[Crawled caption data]
————
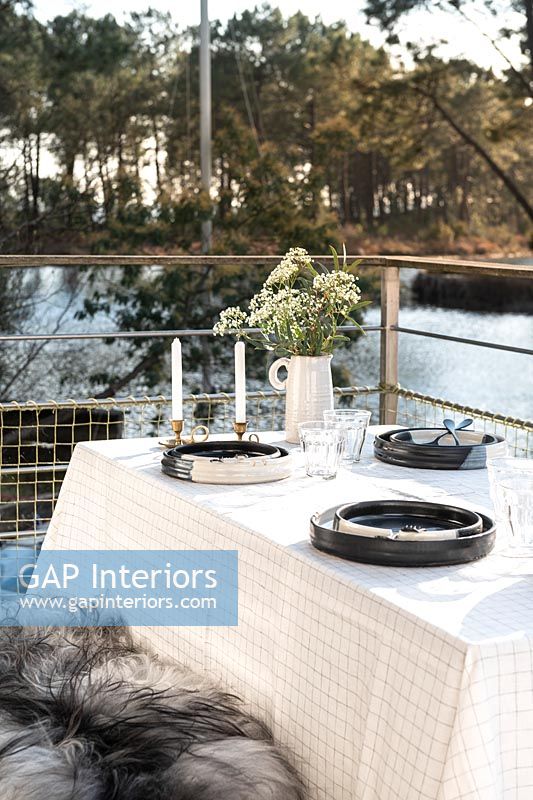 Outdoor dining table on balcony overlooking lake 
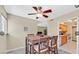 Bright breakfast nook features a wood table set, a ceiling fan, and an open view to the kitchen at 2831 Geary Pl # 2918, Las Vegas, NV 89109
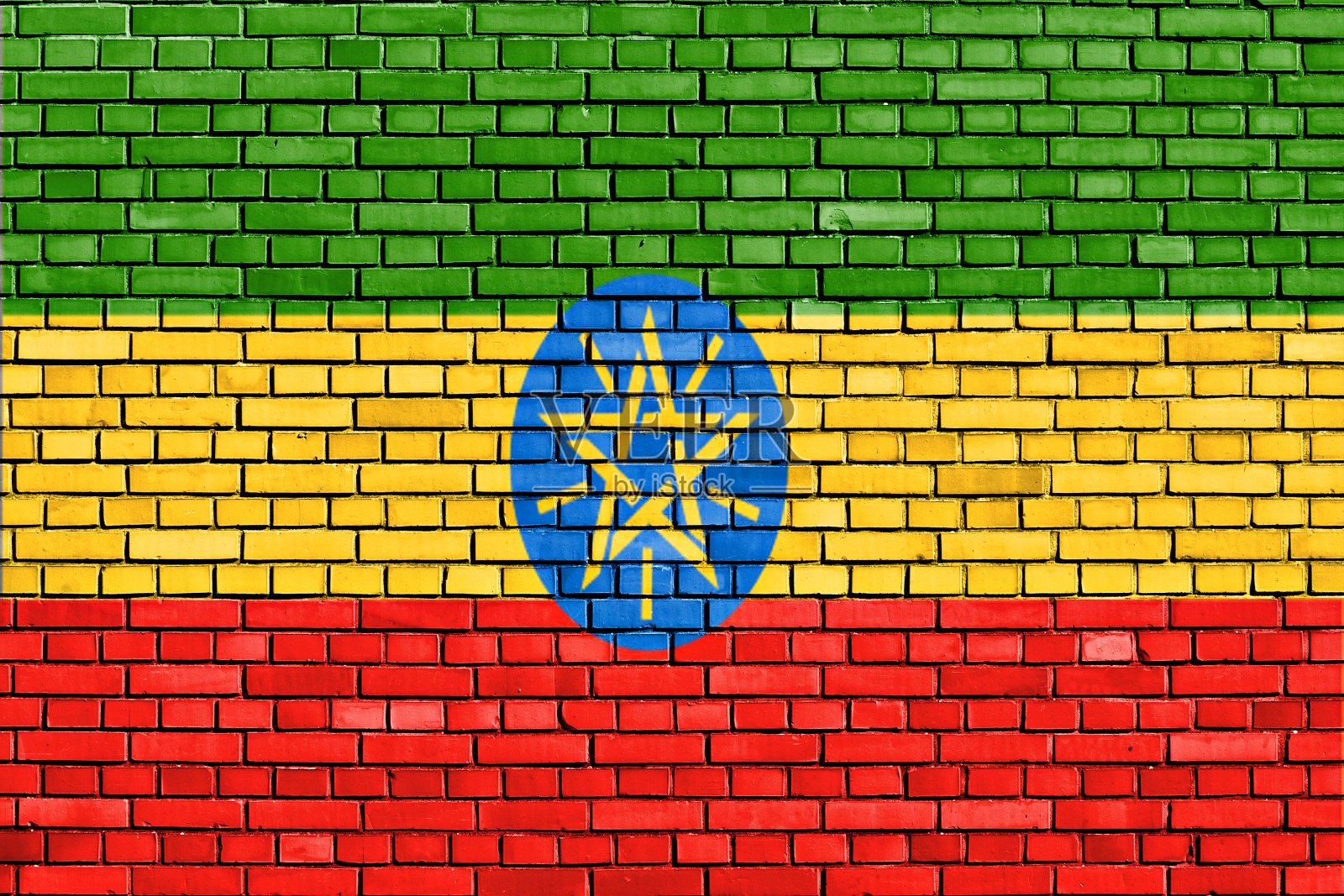 一面埃塞俄比亚国旗被画在砖墙上照片摄影图片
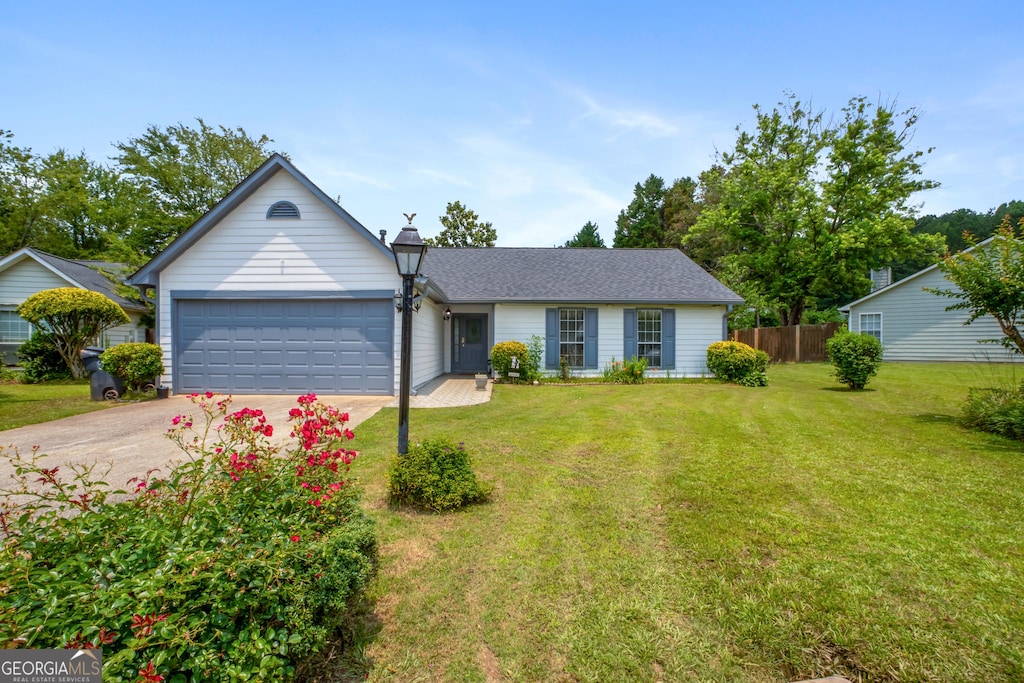 1055 Kibbe Cir, Lawrenceville, GA 30044 - ranch-style house with concrete driveway and an attached garage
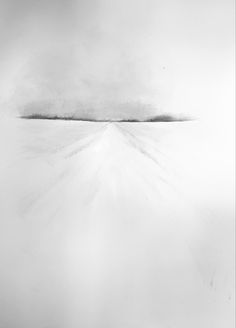 a black and white photo of an airplane flying in the sky over snow covered ground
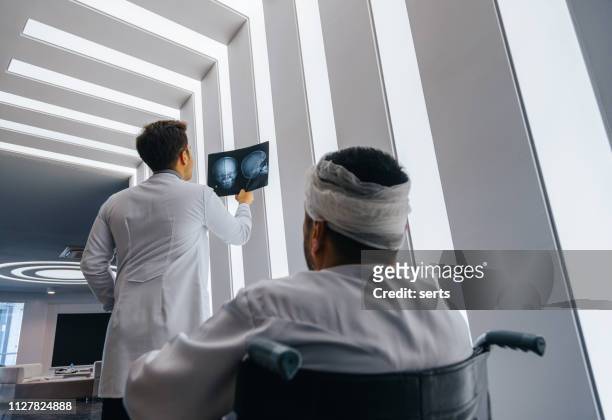 junger arzt mann sucht röntgen des schädels der patient - head injury stock-fotos und bilder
————
§ PROBLEM TO WORK ON:
Each line from the one containing "一面埃塞俄比亚国旗被画在砖墙上照片摄影图片" to the final line of the data must be printed exactly, both included, with nothing else and no pictures.

§ SOLVED PROBLEM:
 一面埃塞俄比亚国旗被画在砖墙上照片摄影图片
 1055 Kibbe Cir, Lawrenceville, GA 30044 - ranch-style house with concrete driveway and an attached garage
 a black and white photo of an airplane flying in the sky over snow covered ground
 junger arzt mann sucht röntgen des schädels der patient - head injury stock-fotos und bilder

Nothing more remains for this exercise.